**Working data**.
===============
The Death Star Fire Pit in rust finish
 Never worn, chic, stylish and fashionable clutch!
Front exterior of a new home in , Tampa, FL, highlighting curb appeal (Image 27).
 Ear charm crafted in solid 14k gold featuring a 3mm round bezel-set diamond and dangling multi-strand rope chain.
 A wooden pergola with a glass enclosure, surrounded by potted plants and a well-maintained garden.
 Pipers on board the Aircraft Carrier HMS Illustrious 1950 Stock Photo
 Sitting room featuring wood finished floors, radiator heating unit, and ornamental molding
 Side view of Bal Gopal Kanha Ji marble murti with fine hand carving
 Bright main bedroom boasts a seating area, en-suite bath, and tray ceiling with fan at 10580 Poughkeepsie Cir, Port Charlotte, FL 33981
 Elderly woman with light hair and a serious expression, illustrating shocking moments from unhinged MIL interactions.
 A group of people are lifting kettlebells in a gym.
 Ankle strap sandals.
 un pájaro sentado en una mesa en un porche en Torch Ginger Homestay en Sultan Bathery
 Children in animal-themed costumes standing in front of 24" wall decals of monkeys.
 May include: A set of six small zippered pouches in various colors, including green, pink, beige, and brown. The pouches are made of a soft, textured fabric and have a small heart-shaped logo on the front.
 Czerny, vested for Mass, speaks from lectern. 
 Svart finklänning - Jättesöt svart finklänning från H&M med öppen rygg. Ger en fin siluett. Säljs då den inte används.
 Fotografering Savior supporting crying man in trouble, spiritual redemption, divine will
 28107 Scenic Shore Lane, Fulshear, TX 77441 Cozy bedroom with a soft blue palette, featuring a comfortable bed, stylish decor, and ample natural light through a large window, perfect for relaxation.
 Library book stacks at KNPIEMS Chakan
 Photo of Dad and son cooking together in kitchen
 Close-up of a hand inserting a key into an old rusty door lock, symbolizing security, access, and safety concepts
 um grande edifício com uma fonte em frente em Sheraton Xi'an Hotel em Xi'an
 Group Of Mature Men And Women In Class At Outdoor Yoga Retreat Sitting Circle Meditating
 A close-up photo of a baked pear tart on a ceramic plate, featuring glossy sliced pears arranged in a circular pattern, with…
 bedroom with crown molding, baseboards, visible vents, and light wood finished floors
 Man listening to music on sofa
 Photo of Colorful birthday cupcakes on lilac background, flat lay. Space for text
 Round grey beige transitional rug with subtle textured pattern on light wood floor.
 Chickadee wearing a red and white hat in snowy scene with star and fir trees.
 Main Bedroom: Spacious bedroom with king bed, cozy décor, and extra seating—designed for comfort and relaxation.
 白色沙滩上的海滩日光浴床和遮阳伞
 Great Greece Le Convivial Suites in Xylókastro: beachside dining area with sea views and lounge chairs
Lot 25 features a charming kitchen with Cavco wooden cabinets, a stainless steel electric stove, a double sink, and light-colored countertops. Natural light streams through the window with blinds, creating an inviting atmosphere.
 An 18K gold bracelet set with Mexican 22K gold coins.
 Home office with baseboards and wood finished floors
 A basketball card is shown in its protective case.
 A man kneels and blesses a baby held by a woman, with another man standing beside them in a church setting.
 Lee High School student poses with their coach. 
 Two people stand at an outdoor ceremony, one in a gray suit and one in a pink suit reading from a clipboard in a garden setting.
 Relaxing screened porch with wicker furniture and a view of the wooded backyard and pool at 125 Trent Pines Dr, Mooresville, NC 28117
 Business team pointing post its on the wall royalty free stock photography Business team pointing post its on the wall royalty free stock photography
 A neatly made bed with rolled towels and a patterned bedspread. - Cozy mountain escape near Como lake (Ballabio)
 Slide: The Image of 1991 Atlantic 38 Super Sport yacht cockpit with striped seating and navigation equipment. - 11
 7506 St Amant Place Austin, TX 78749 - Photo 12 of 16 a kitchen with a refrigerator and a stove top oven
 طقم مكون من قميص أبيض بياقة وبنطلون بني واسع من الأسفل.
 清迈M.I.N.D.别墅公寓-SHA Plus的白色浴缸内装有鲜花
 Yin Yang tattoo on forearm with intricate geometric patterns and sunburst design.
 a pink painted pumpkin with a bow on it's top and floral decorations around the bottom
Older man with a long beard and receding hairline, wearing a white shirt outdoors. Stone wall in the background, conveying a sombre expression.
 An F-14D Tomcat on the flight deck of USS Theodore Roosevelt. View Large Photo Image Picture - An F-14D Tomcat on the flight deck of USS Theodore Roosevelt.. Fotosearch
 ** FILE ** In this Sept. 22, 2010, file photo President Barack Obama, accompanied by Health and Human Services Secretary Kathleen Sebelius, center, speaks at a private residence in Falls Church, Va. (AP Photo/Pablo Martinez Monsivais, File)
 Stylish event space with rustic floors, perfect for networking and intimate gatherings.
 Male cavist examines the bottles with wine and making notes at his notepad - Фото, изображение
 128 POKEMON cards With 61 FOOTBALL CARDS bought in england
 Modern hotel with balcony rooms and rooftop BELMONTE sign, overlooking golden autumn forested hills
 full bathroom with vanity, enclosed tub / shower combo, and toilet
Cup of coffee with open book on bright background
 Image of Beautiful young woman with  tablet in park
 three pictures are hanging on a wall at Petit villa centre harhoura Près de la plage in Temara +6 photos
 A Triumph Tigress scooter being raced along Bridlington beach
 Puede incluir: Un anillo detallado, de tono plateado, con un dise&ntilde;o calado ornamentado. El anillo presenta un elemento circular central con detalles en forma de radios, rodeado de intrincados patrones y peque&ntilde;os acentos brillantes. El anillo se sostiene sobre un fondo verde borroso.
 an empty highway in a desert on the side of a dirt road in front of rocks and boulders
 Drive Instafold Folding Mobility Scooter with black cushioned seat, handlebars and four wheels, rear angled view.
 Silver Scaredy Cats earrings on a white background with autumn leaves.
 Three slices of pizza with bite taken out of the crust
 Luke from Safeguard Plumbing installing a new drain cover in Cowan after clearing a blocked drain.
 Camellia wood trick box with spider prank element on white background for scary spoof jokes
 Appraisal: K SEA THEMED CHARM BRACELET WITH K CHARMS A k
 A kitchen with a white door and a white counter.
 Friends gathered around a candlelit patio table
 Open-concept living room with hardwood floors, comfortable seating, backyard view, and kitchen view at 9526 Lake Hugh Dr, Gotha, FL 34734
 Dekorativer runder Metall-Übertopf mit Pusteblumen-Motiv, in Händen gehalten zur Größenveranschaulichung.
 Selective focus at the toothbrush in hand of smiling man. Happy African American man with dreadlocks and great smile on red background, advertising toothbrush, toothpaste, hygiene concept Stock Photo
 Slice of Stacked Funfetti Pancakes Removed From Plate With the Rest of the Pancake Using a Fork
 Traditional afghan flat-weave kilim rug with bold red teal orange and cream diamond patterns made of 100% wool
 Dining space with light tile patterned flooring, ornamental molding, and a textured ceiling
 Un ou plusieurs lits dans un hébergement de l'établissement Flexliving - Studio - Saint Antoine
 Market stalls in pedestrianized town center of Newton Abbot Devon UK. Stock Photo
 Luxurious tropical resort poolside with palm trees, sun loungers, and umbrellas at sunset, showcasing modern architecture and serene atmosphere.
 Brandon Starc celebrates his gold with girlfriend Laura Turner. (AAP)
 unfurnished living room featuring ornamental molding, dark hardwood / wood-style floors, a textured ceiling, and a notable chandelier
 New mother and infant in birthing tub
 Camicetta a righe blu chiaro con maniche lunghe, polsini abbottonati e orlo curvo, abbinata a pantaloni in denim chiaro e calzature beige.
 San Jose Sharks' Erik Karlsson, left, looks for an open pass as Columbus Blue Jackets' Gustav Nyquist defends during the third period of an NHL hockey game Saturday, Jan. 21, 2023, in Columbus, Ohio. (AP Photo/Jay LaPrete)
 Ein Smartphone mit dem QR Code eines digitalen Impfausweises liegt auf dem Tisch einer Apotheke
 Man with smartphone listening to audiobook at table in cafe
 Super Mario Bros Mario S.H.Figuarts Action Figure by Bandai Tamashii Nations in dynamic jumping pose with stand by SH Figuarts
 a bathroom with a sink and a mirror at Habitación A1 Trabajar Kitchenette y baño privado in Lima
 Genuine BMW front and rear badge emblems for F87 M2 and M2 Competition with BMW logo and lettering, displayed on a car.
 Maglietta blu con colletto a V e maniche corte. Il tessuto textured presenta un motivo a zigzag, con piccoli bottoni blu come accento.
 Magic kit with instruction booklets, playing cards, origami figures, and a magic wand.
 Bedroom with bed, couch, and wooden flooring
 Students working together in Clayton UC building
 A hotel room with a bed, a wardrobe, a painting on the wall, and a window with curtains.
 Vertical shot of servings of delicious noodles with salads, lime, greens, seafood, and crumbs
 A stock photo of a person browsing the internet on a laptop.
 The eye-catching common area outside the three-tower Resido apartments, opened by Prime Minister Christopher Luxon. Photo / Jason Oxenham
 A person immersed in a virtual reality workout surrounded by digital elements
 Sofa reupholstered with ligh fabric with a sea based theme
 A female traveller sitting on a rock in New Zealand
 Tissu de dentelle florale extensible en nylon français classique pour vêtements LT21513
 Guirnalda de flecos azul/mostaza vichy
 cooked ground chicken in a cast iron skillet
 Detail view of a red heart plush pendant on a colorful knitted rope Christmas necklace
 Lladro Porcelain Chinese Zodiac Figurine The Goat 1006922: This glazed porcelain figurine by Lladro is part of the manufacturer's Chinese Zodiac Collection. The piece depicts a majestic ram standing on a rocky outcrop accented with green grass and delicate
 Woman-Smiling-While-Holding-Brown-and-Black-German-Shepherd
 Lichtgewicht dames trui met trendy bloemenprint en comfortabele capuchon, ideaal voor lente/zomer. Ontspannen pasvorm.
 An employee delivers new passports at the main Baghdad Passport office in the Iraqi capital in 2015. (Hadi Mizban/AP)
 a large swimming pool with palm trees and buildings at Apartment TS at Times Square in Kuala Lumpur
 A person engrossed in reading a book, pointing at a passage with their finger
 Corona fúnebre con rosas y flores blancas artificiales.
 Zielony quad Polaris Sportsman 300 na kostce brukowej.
===============
**Task requirements**. Copy out exactly, and only, the lines from the one that contains "The eye-catching common" through the last line of the material above.

**Completed task**.
 The eye-catching common area outside the three-tower Resido apartments, opened by Prime Minister Christopher Luxon. Photo / Jason Oxenham
 A person immersed in a virtual reality workout surrounded by digital elements
 Sofa reupholstered with ligh fabric with a sea based theme
 A female traveller sitting on a rock in New Zealand
 Tissu de dentelle florale extensible en nylon français classique pour vêtements LT21513
 Guirnalda de flecos azul/mostaza vichy
 cooked ground chicken in a cast iron skillet
 Detail view of a red heart plush pendant on a colorful knitted rope Christmas necklace
 Lladro Porcelain Chinese Zodiac Figurine The Goat 1006922: This glazed porcelain figurine by Lladro is part of the manufacturer's Chinese Zodiac Collection. The piece depicts a majestic ram standing on a rocky outcrop accented with green grass and delicate
 Woman-Smiling-While-Holding-Brown-and-Black-German-Shepherd
 Lichtgewicht dames trui met trendy bloemenprint en comfortabele capuchon, ideaal voor lente/zomer. Ontspannen pasvorm.
 An employee delivers new passports at the main Baghdad Passport office in the Iraqi capital in 2015. (Hadi Mizban/AP)
 a large swimming pool with palm trees and buildings at Apartment TS at Times Square in Kuala Lumpur
 A person engrossed in reading a book, pointing at a passage with their finger
 Corona fúnebre con rosas y flores blancas artificiales.
 Zielony quad Polaris Sportsman 300 na kostce brukowej.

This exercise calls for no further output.